Stored data:
= = = =
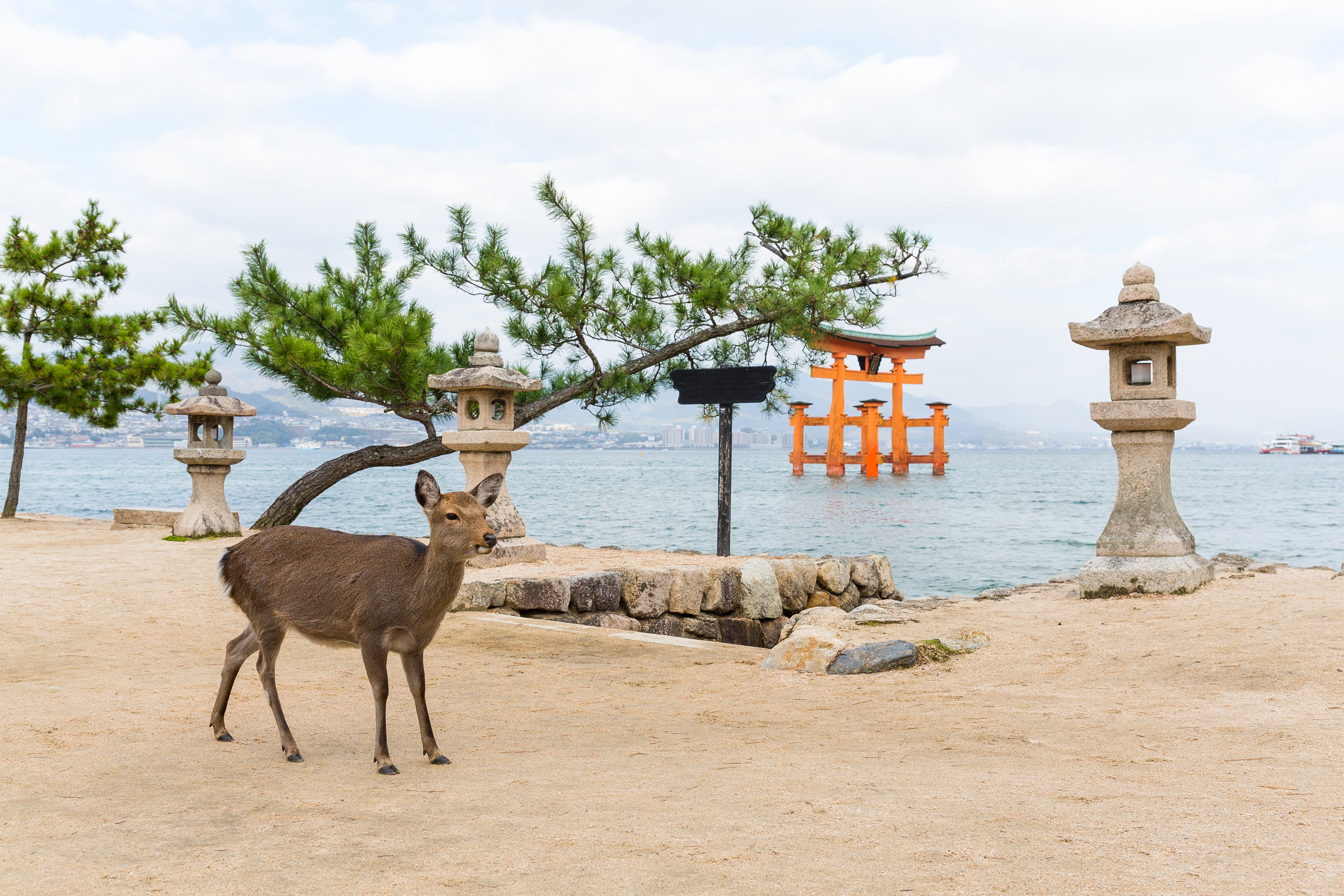 Miyajima Island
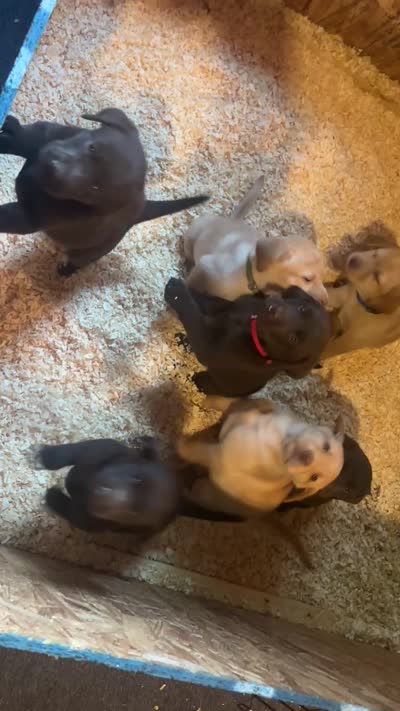 Chocolate Labrador, a female Labrador Retriever for sale in Gardiner, ME – 4 of 4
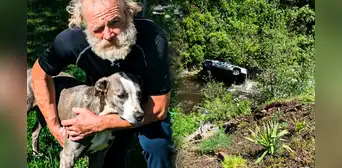 La historia del heroico perro que corrió 6 km para buscar ayuda y salvar la vida de su dueño tras caer en un barranco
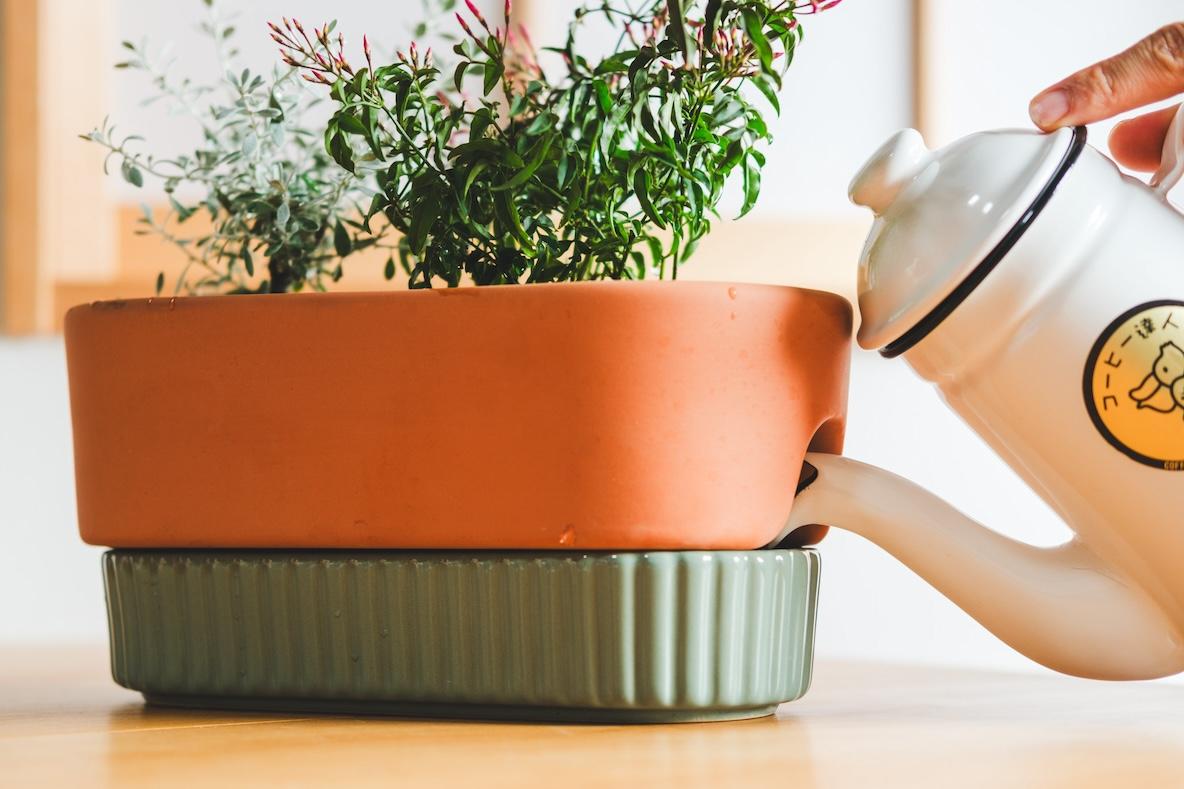 見た目も最高なIKEAの「自動水やり植木鉢」のおかげで植物がもっと身近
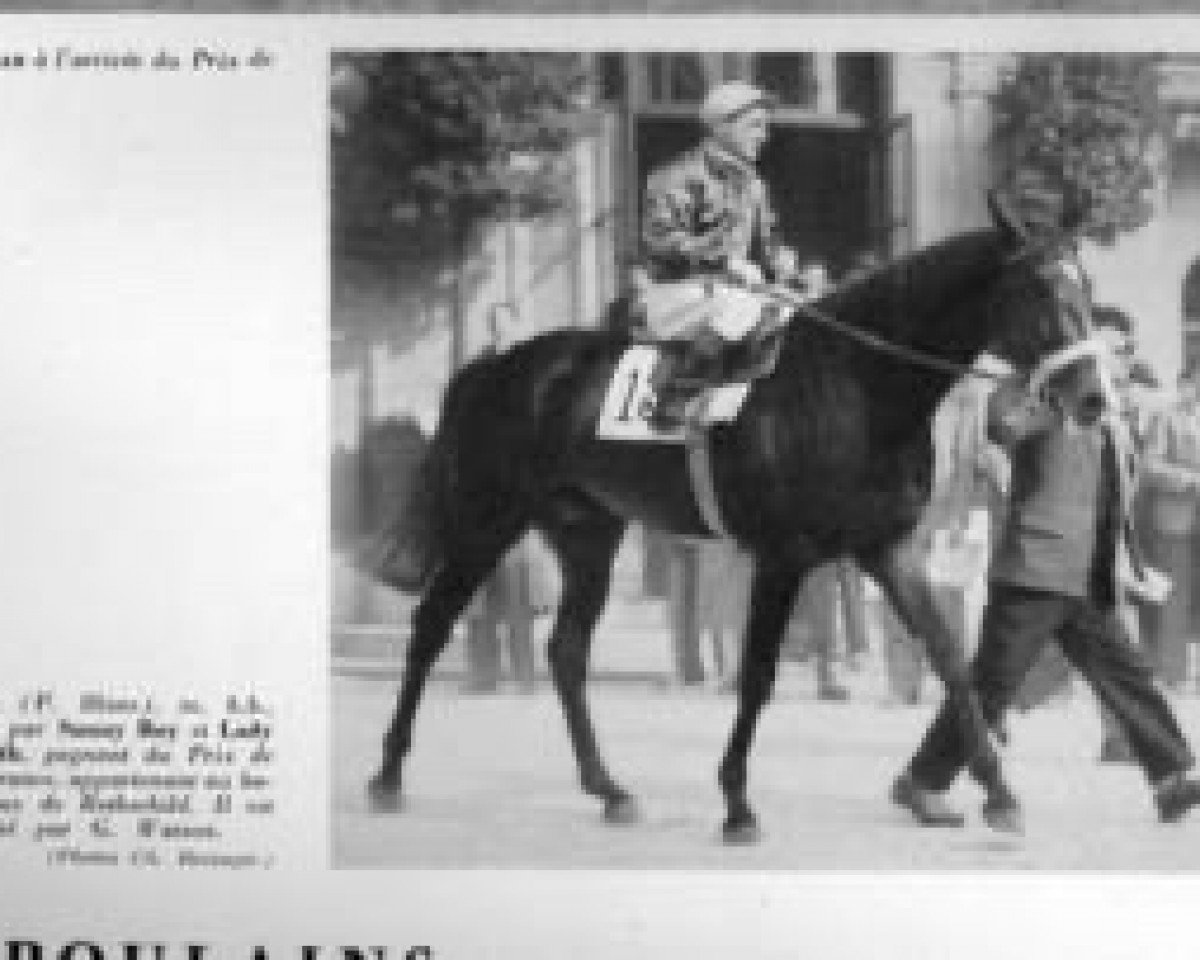 stallion Yorick xx (Thoroughbred, 1951, from Sunny Boy III xx)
= = = =
= Exercise goal =
Print every entry above again without changing a word, and omit the pictures.

= Response to this task =
 Miyajima Island
 Chocolate Labrador, a female Labrador Retriever for sale in Gardiner, ME – 4 of 4
 La historia del heroico perro que corrió 6 km para buscar ayuda y salvar la vida de su dueño tras caer en un barranco
 見た目も最高なIKEAの「自動水やり植木鉢」のおかげで植物がもっと身近
 stallion Yorick xx (Thoroughbred, 1951, from Sunny Boy III xx)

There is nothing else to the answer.